Task => Print only the lines below from the one with "CN116598384A-patent-drawing" to the one with "2016全日本ジュニア体操競技選手権大会 速報№ 58 種目別順位速報", both included, exactly as they stand. Leave pictures out.

*** Data to examine ***

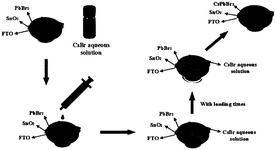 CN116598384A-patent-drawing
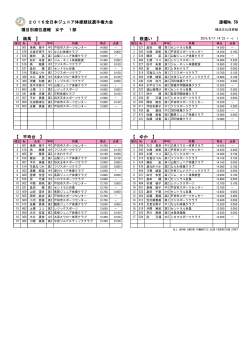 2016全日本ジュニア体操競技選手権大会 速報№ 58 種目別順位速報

*** End of Data to examine ***
*** Data to examine ***

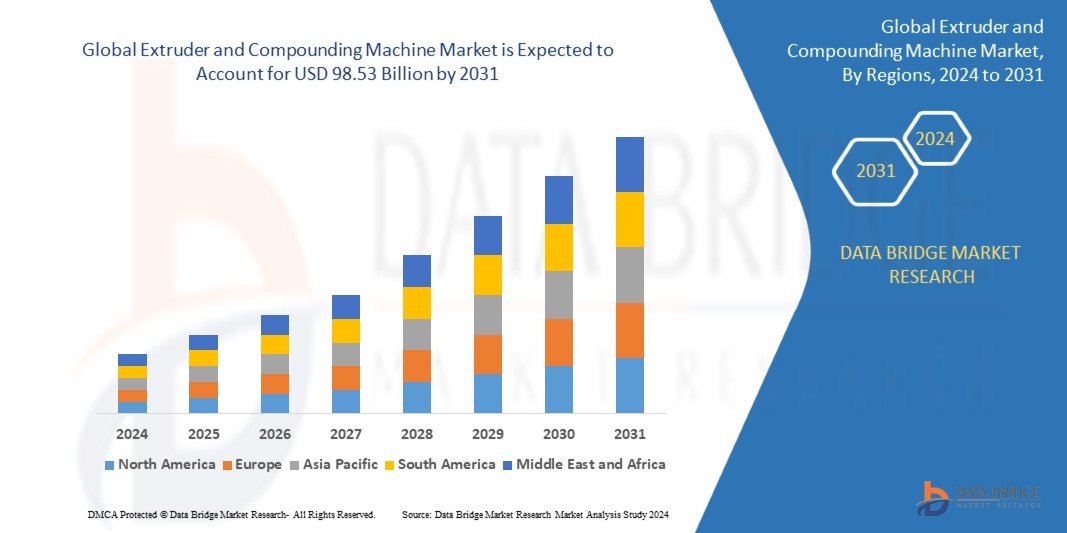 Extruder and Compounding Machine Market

*** End of Data to examine ***

Your response =>
 CN116598384A-patent-drawing
 2016全日本ジュニア体操競技選手権大会 速報№ 58 種目別順位速報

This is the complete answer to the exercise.